■ Instructions for the task
In the answer, transcribe exactly the lines from the beginning of the material through the line holding "Let's look at", and skip every picture.

■ Dataset records
####################

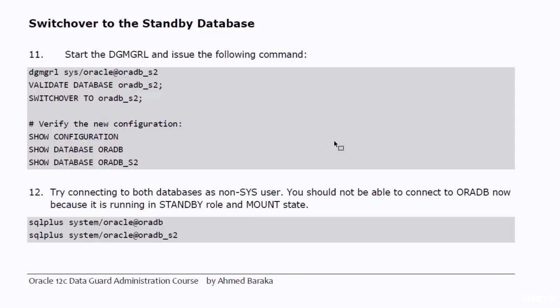We are now ready to do the magic and perform the switchover. First, you validate the database in the DG-MGRL command line. The target of this command is to make sure that the databases are ready for the switchover.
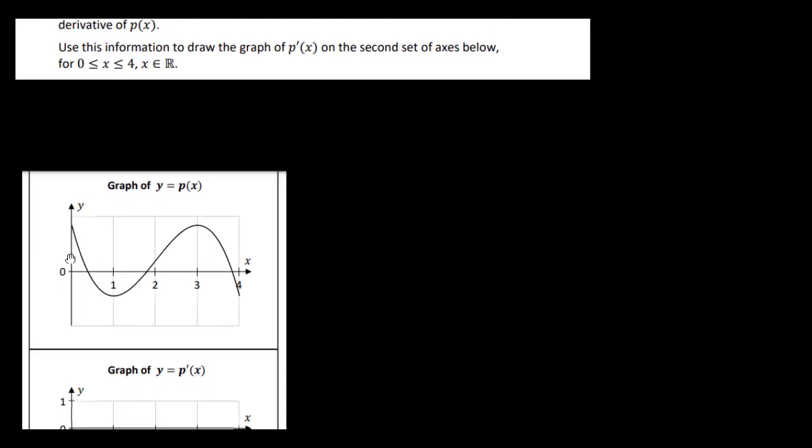Let's look at the next part. We have the graph of a cubic function P of x shown in the first diagram, where x is between 0 and 4. The maximum value of P prime of x is 1. P prime of x at 0 is minus 3, so our first point is down at minus 3. P prime of x is the derivative of P of x.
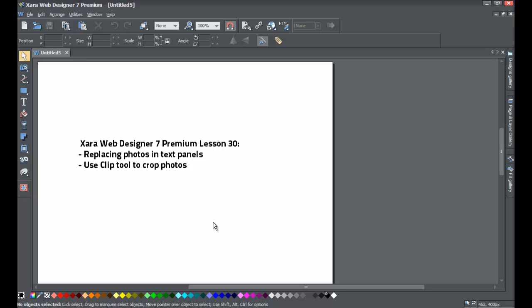Welcome to XR Template Tutorial lesson number 30. In this XR Web Designer 7 Premium tutorial, we'll be going over how to replace photos within a text panel from the Designs Gallery, how to add photos from the Photos folder within the Designs Gallery, and how to do basic cropping with the Clip Tool within XR Web Designer 7 Premium.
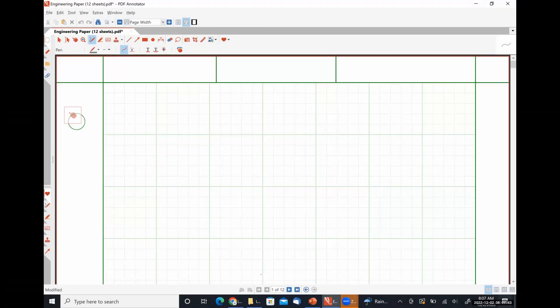Another thing I forgot to rant about on Wednesday is calculators. This class, like your Engineering 120 series and all that kind of stuff, requires you to only use FE-approved calculators. So no graphing calculators or anything like that. Technically speaking, any of the FE-approved calculators will work. That being said, I do have some particular recommendations.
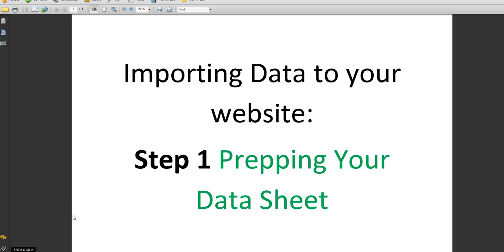Let's talk about importing data to your website. Importing data that's been cleaned up and prepped is as easy as baking a cake. The problem with baking a cake is if all the ingredients aren't right, if they're not there, you get a biscuit and not a cake. So there's some important steps.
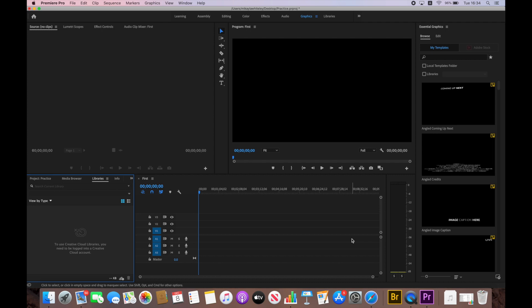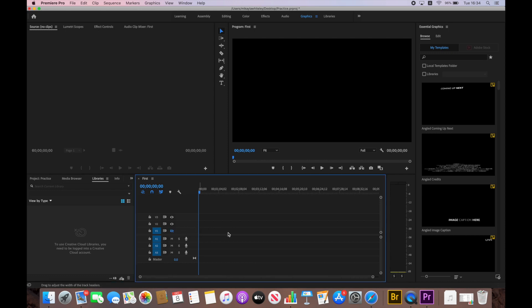It already looks different now that we created our first sequence. You can see the different lines — V1, V2, and V3 are your different video tracks, and A1, A2, and A3 are your audio tracks. You also have the option to mute your track or solo it for audio. The toggle track output means if you click it, you won't see the video but you'll still hear the audio unless you put it on mute. Our next step is to import our video — I'm going to import some random videos I have saved on this computer.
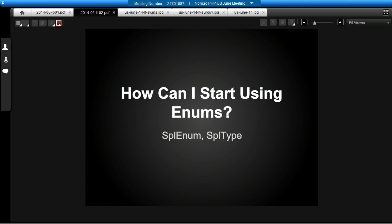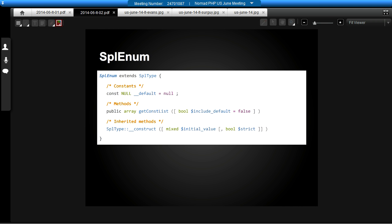So how can you start using enums today? The best documentation — and it's pretty thin — is for the SPL enum type, which is the SplEnum object, part of the SPL types family, and that's available for people to use. If we look at its interface as you'd see on PHP.net, it's really simple. You've got your constructor, which takes the initial value. The strict parameter can be mostly ignored — that comes along with the SPL type object and doesn't have implications specific to SplEnum. And you have your getConstList method, which allows you to get a list of the available constants — useful for things like populating a drop-down in an admin URL.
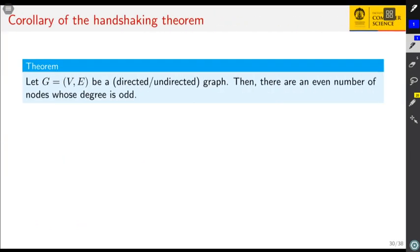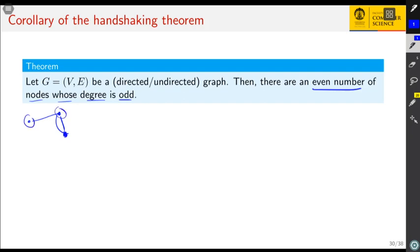The handshaking theorem has an interesting corollary: in any graph G, there are an even number of nodes whose degree is odd. For example, consider an undirected graph — the nodes whose degree is odd might be this one and this one, that's two, and this always holds in general.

####################

■ Output below
We are now ready to do the magic and perform the switchover. First, you validate the database in the DG-MGRL command line. The target of this command is to make sure that the databases are ready for the switchover.
Let's look at the next part. We have the graph of a cubic function P of x shown in the first diagram, where x is between 0 and 4. The maximum value of P prime of x is 1. P prime of x at 0 is minus 3, so our first point is down at minus 3. P prime of x is the derivative of P of x.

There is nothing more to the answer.